**EXERCISE INSTRUCTIONS**. With the pictures left aside, write out exactly the lines of the listing below from the line with "CASSIS WEDGE SANDAL" to the line with "Photo of Kitchen in Athol", both included, and only those.

DATA: Begin

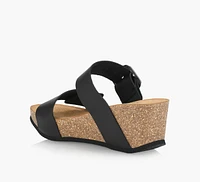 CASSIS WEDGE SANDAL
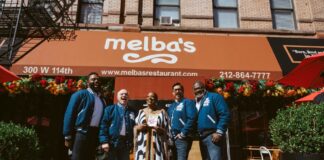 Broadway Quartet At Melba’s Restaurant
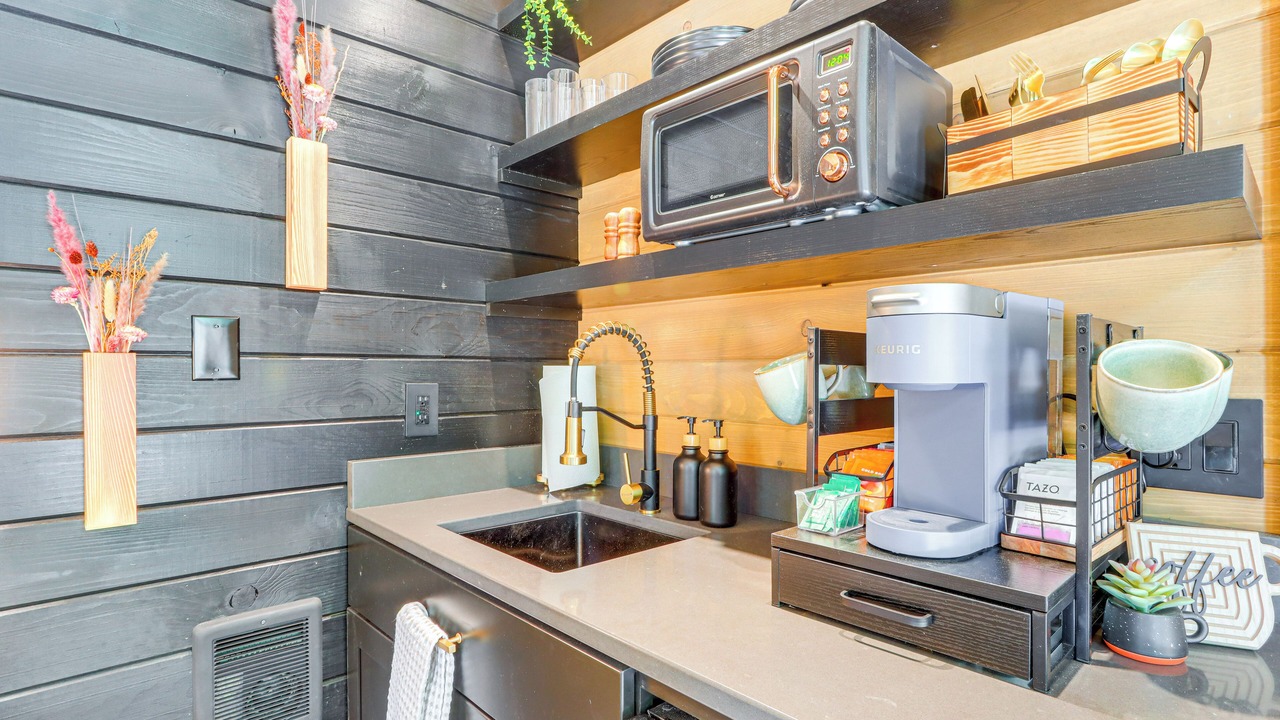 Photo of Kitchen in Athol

DATA: End
DATA: Begin

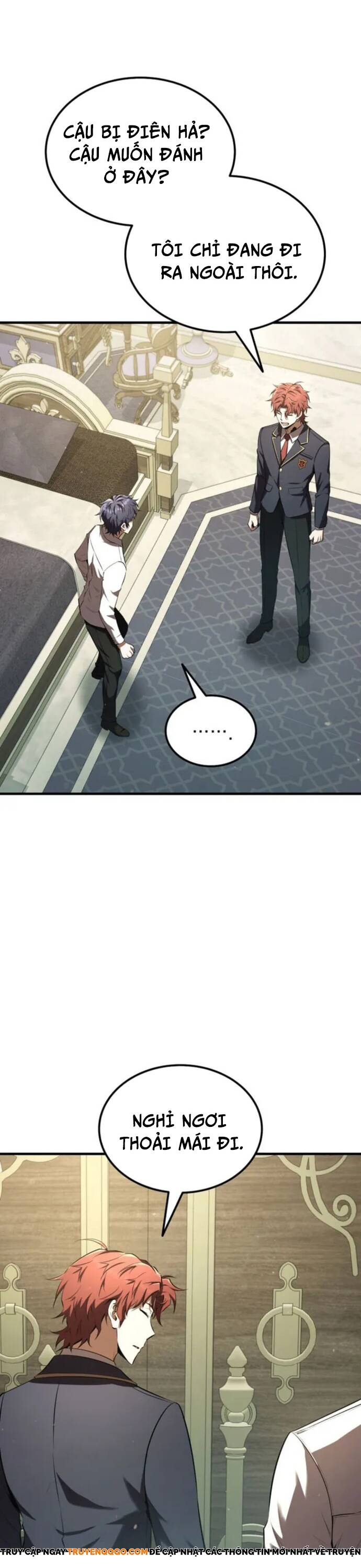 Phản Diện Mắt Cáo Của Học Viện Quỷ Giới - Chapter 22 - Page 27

DATA: End
DATA: Begin

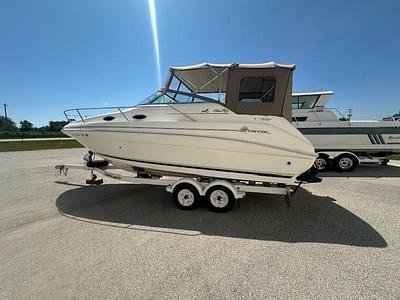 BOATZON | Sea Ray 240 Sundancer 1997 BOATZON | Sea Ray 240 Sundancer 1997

DATA: End

**ANSWER TO THE EXERCISE**.
 CASSIS WEDGE SANDAL
 Broadway Quartet At Melba’s Restaurant
 Photo of Kitchen in Athol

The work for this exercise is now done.